Transcribe everything in the listing as written, and let no image into the copy.

++++

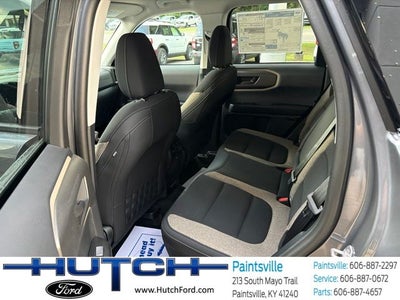 2026 Ford Bronco Sport Big Bend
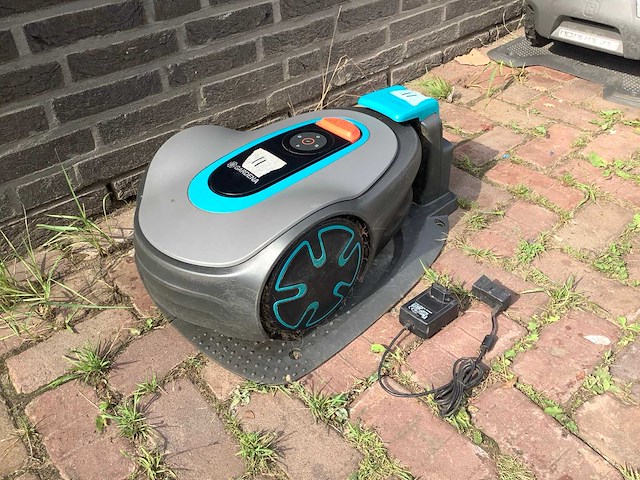 Gardena robotmaaier - afbeelding 2 van  4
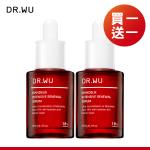 DR.WU 杏仁酸亮白煥膚精華18%30ML(2入組)-共2入
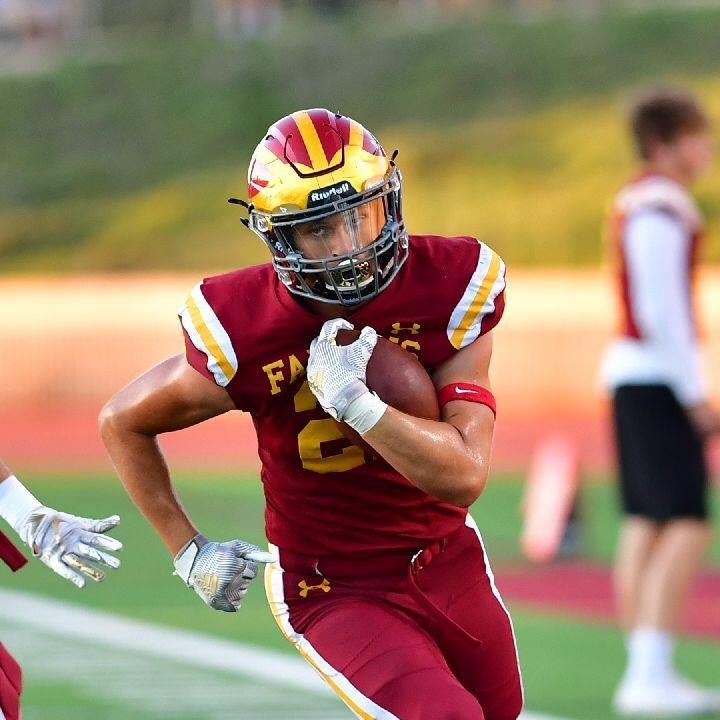 Cael Helfrich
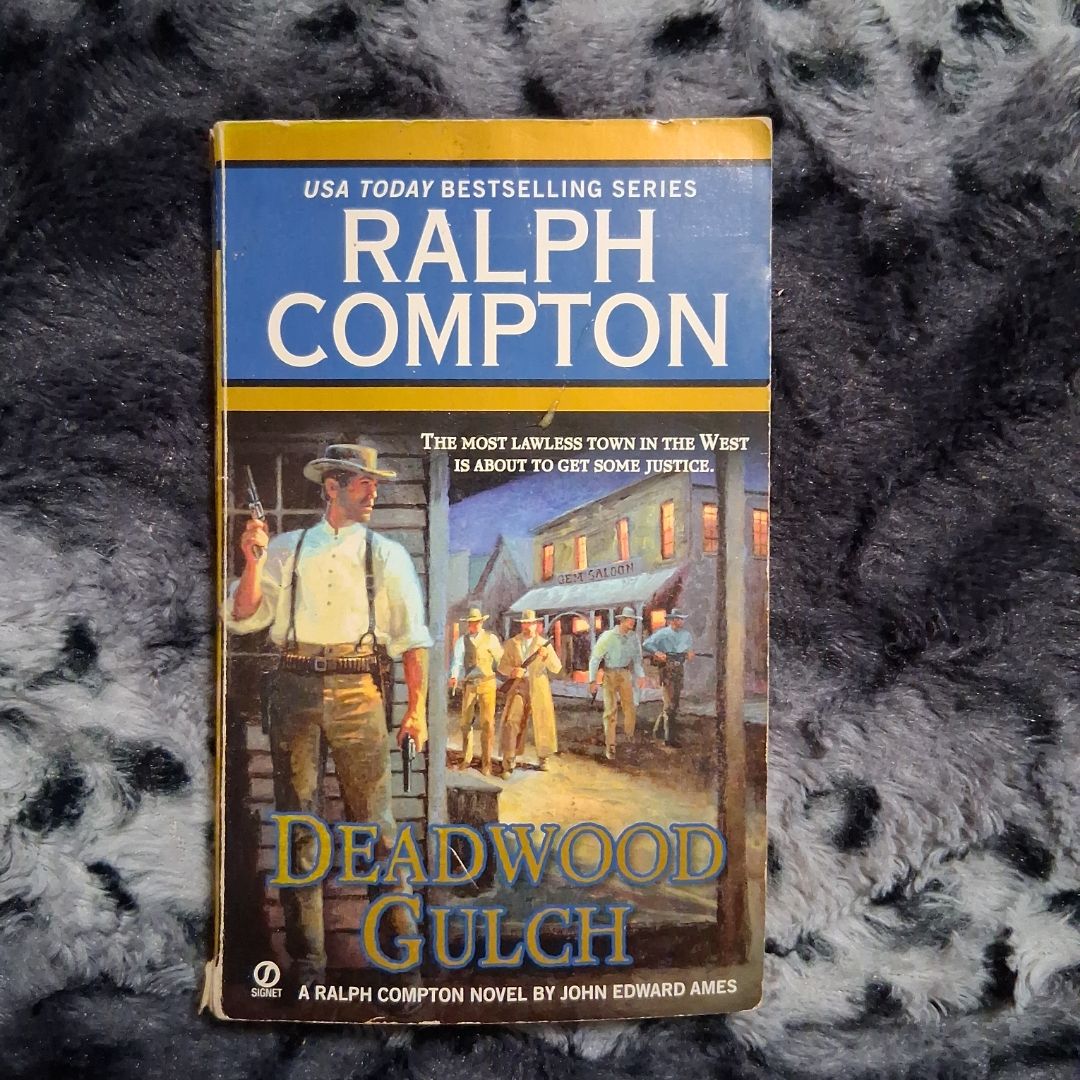 Ralph Compton Deadwood Gulch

++++

TASK SOLUTION.
 2026 Ford Bronco Sport Big Bend
 Gardena robotmaaier - afbeelding 2 van  4
 DR.WU 杏仁酸亮白煥膚精華18%30ML(2入組)-共2入
 Cael Helfrich
 Ralph Compton Deadwood Gulch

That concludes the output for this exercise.